Directions for this task — If the records below hold pictures, omit them, and print exactly the lines from the first line through the line containing "Letto artigianale in ferro battuto", inclusive.

Top of Task inputs

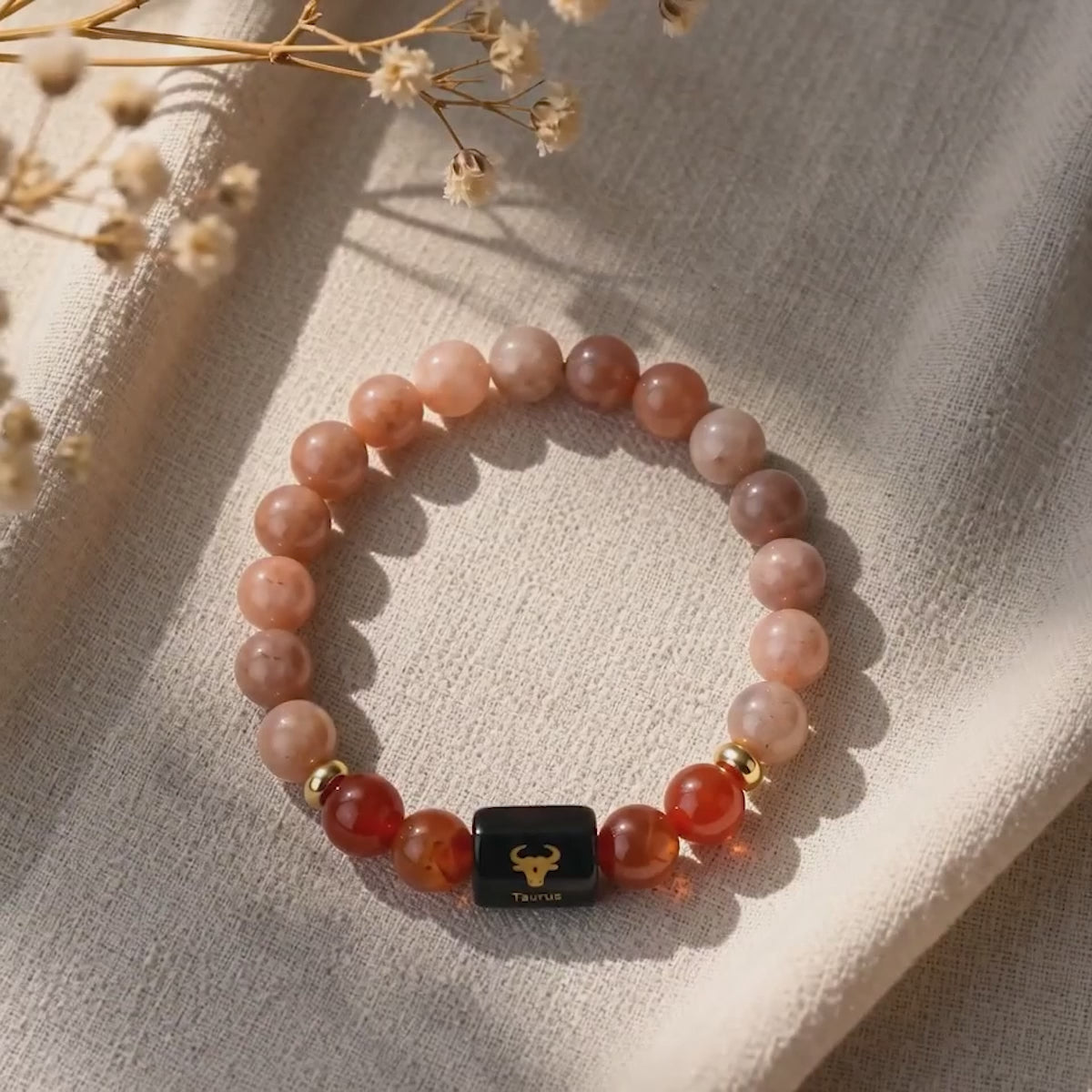 Taurus Zodiac Sunstone & Carnelian Bracelet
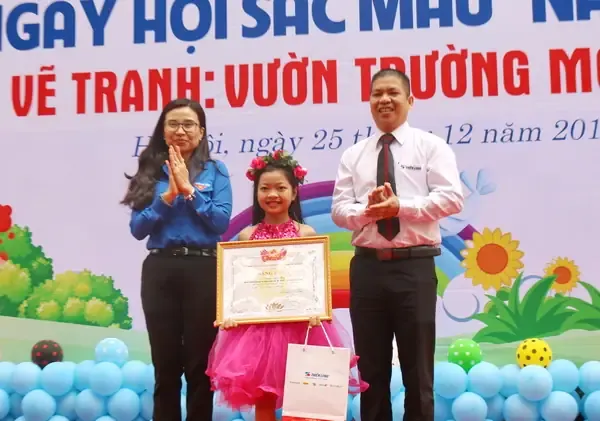 Mẫu vẽ tranh đề tài ngôi trường mơ ước của em đẹp mắt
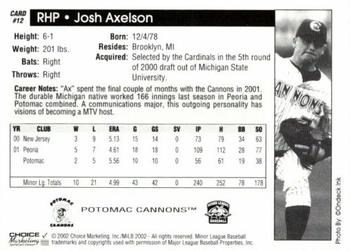 2002 Choice Potomac Cannons #12 Josh Axelson Back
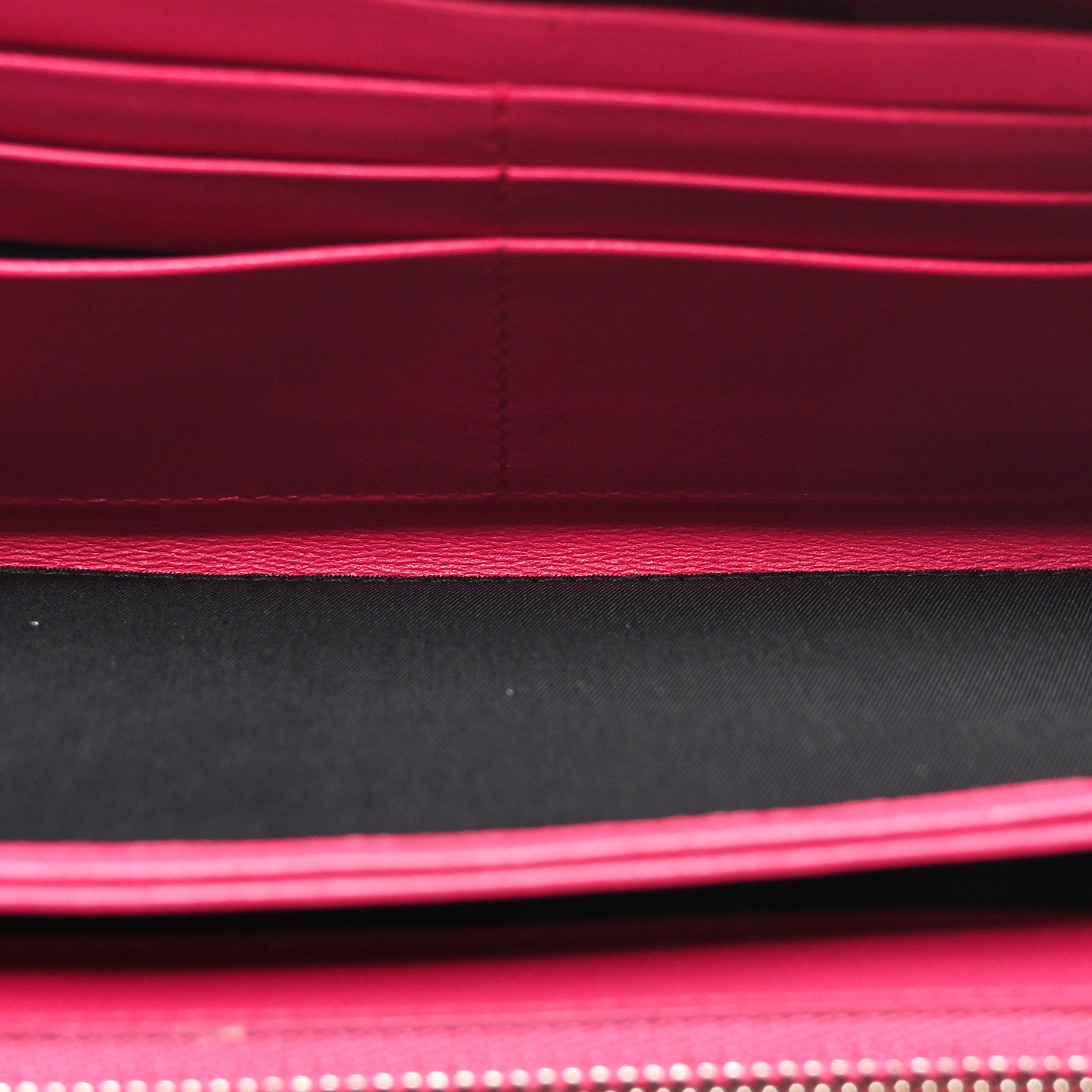 Christian Dior Lambskin Cannage Lady Dior Zip Wallet Fuchsia 5 of 9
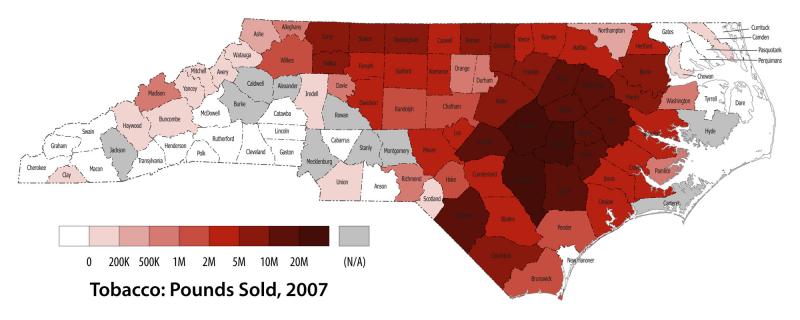 Pounds of tobacco sold in North Carolina, 2007 Pounds of tobacco sold in North Carolina, 2007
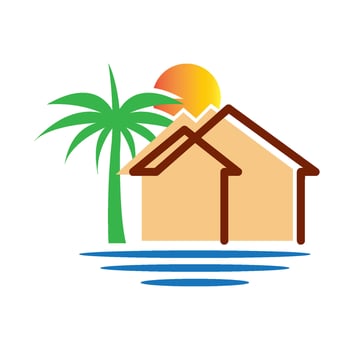 hotel villa icon illustration design template vector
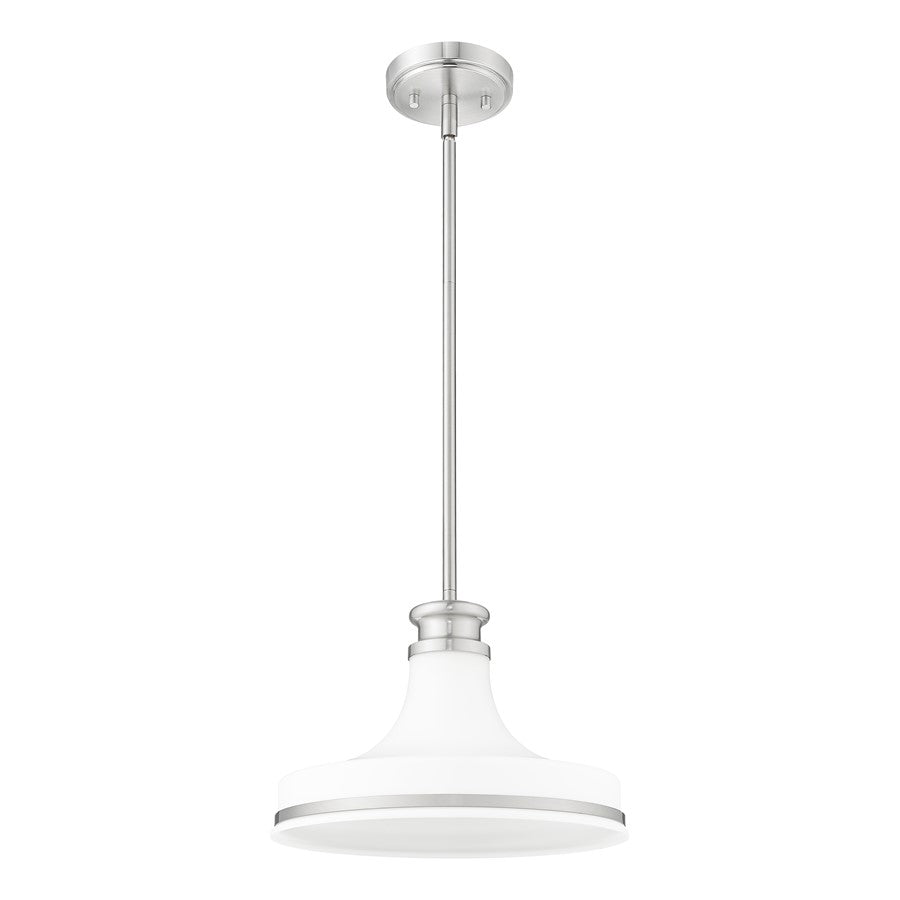 Z-Lite Reznor 1 Light 12" Pendant, Brushed Nickel/Matte Opal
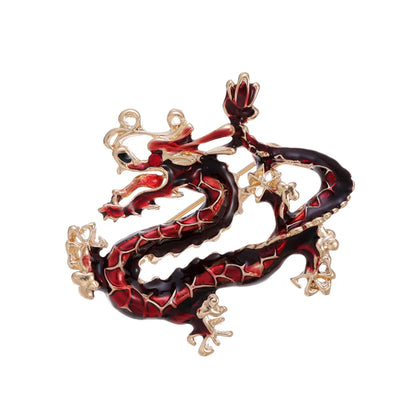 Chinoiserie Animal Dragon Alloy Inlay Rhinestones Pearl Adults Unisex Corsage Brooches Collar Pin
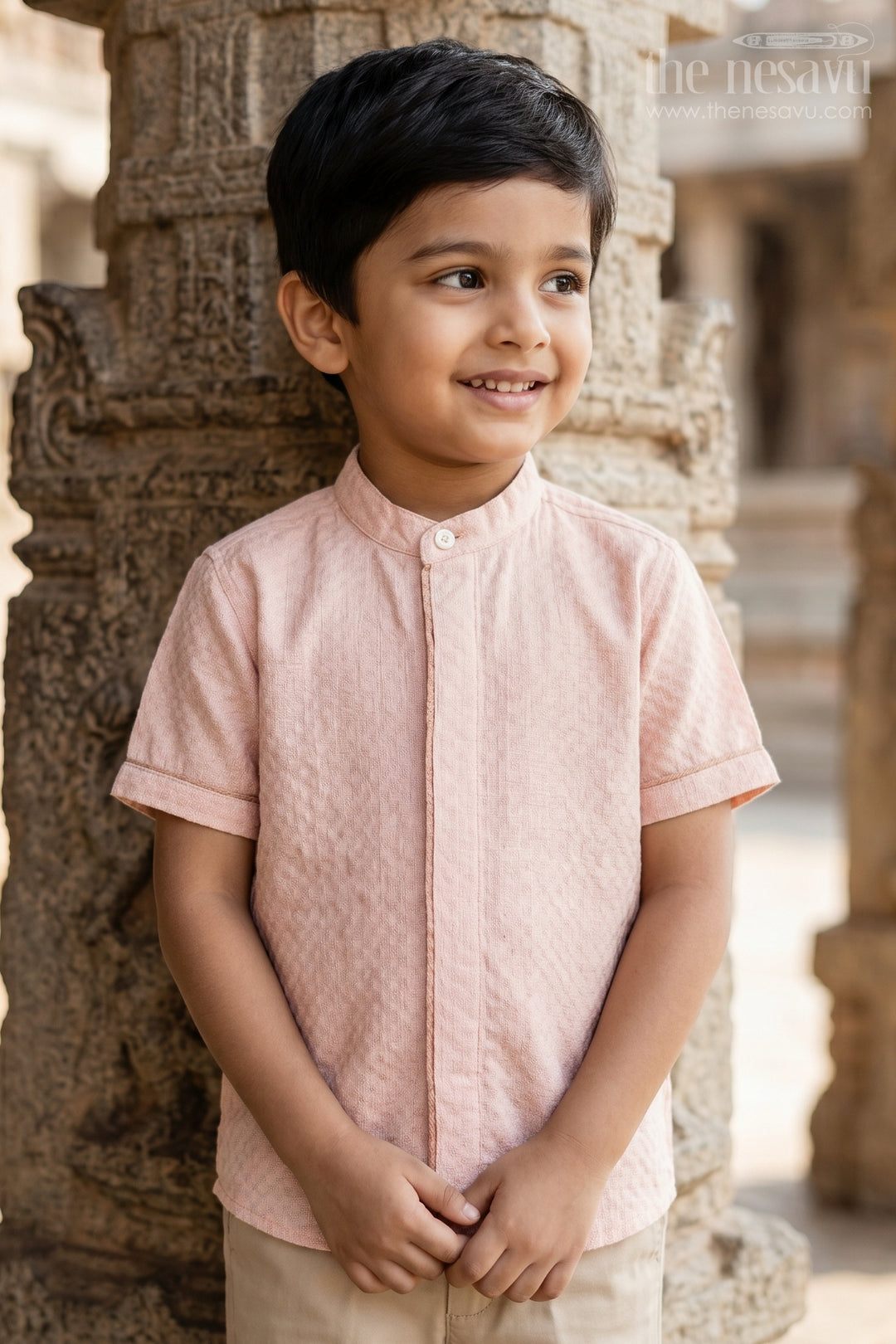 The Nesavu Boys Cotton Shirt Boys Cotton Shirt for Birthday Lunch Outings Nesavu 16 (1Y) / Pink / Cotton BS509A-16 Nesavu Boys Cotton Shirt For Birthday Lunch Outings With Mandarin Collar And Textured Finish BS509A-16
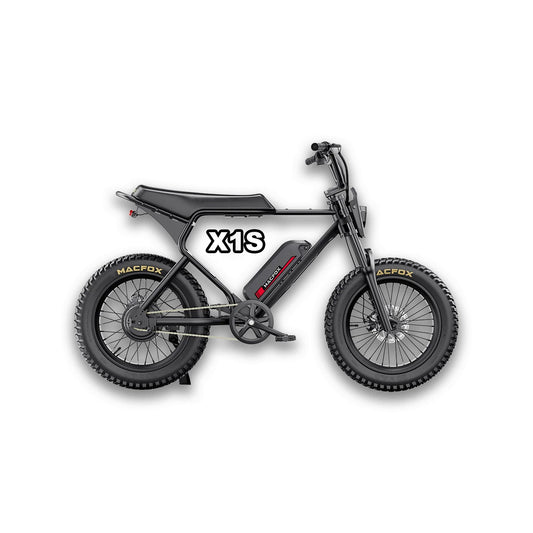 Black Macfox X1S eBike with single battery, shown in box, product image, model number 810206240090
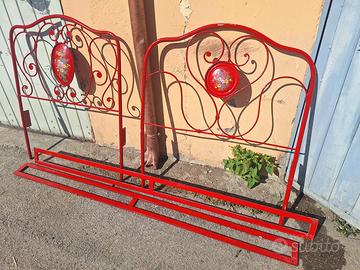 Letto artigianale in ferro battuto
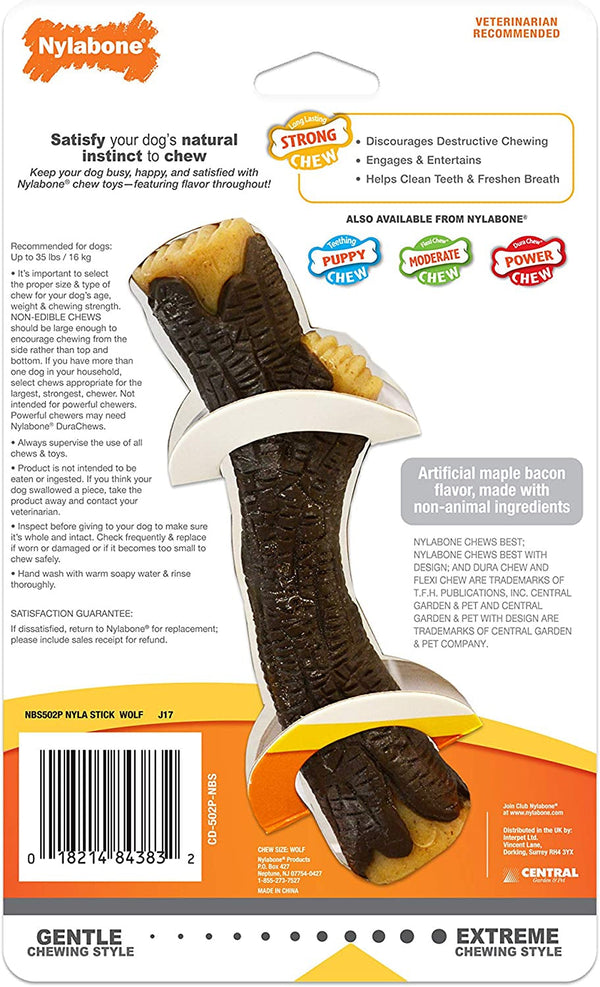 Nylabone Strong Chew Stick Made with Real Wood Dog Chew Toy, Medium | Bacon Flavor, Medium Breeds, No Splintering, Durable Chew Toys, Long Lasting, Helps Clean Teeth, Medium Breeds up to 35 Lbs9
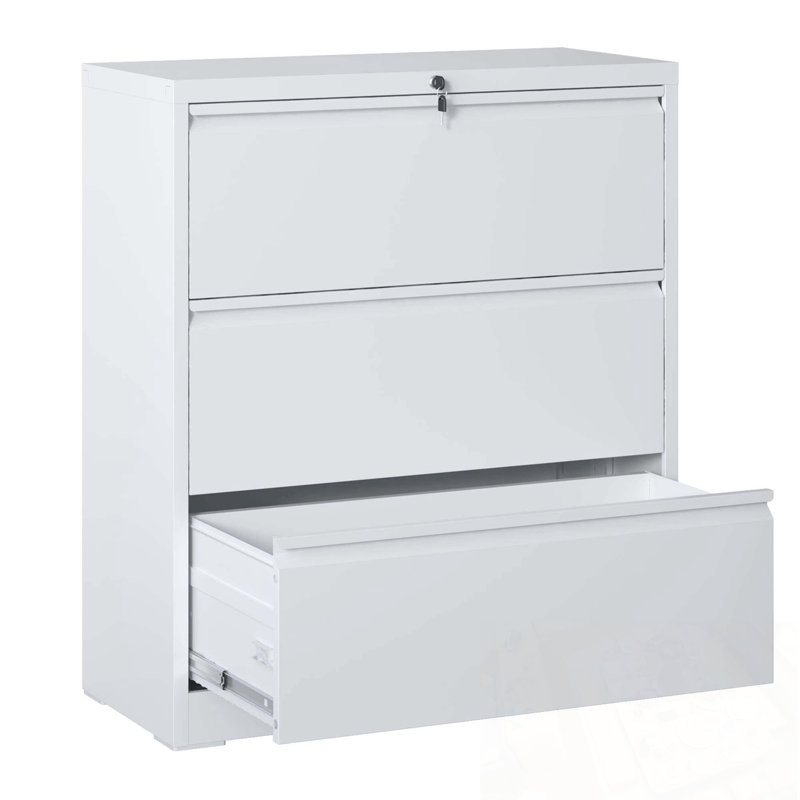 Wide Metal File Cabinet with 3 Drawers and Lock, White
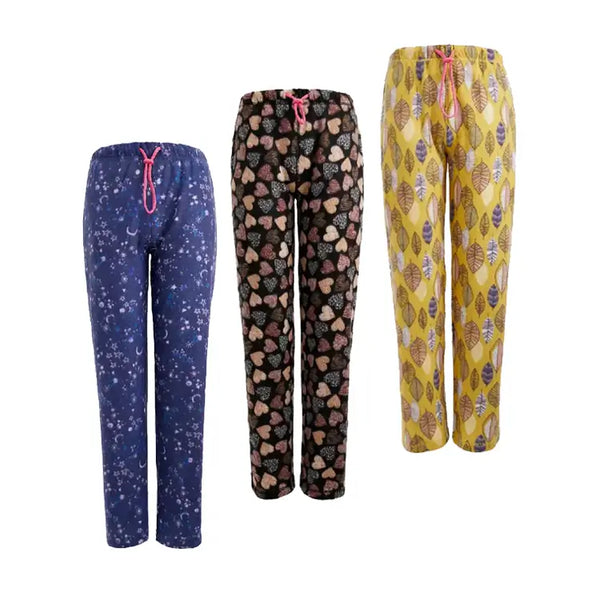 Women's Fleece Pajama Pants With Elastic Waistband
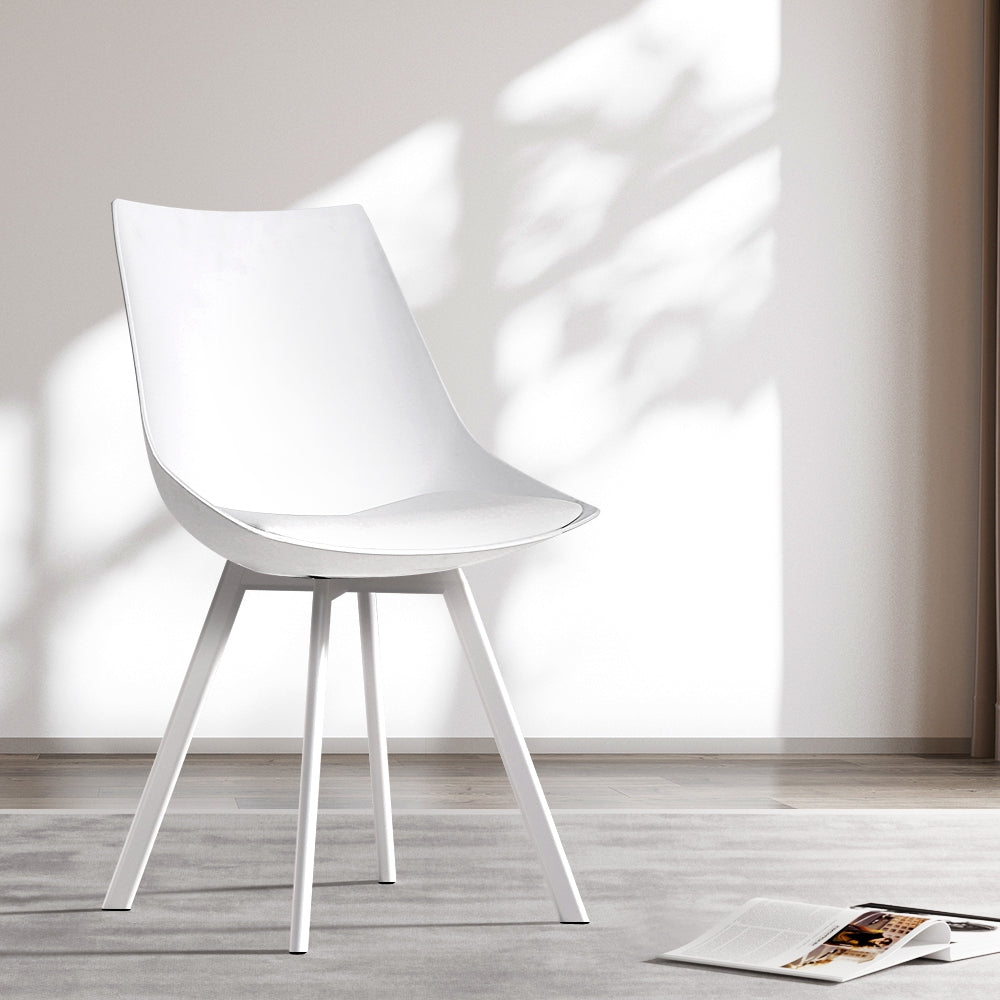 Artiss Dining Chairs Set of 2 PU Leather Plastic Metal White - Furniture > Outdoor > Outdoor Chairs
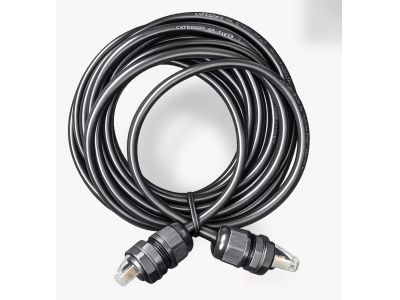 DELTACO Patch cable DELTACO S/FTP Cat6a, 5m, IP68, PG13.5, black / SFTP-65AH-WP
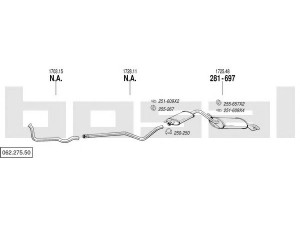 BOSAL 062.275.50 išmetimo sistema 
 Išmetimo sistema -> Išmetimo sistema, visa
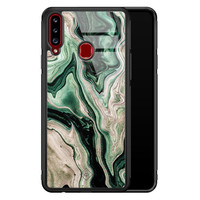 Casimoda Samsung Galaxy A20s glazen hardcase - Green waves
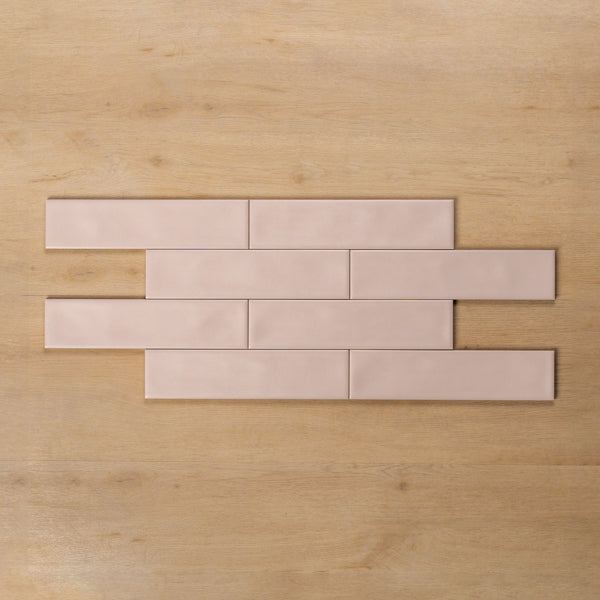 Whitehaven Pink Wavy Satin Ceramic Subway Tile 68x280mm Brick Pattern - The Blue Space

Bottom of Task inputs

Finished exercise —
 Taurus Zodiac Sunstone & Carnelian Bracelet
 Mẫu vẽ tranh đề tài ngôi trường mơ ước của em đẹp mắt
 2002 Choice Potomac Cannons #12 Josh Axelson Back
 Christian Dior Lambskin Cannage Lady Dior Zip Wallet Fuchsia 5 of 9
 Pounds of tobacco sold in North Carolina, 2007 Pounds of tobacco sold in North Carolina, 2007
 hotel villa icon illustration design template vector
 Z-Lite Reznor 1 Light 12" Pendant, Brushed Nickel/Matte Opal
 Chinoiserie Animal Dragon Alloy Inlay Rhinestones Pearl Adults Unisex Corsage Brooches Collar Pin
 The Nesavu Boys Cotton Shirt Boys Cotton Shirt for Birthday Lunch Outings Nesavu 16 (1Y) / Pink / Cotton BS509A-16 Nesavu Boys Cotton Shirt For Birthday Lunch Outings With Mandarin Collar And Textured Finish BS509A-16
 Black Macfox X1S eBike with single battery, shown in box, product image, model number 810206240090
 Letto artigianale in ferro battuto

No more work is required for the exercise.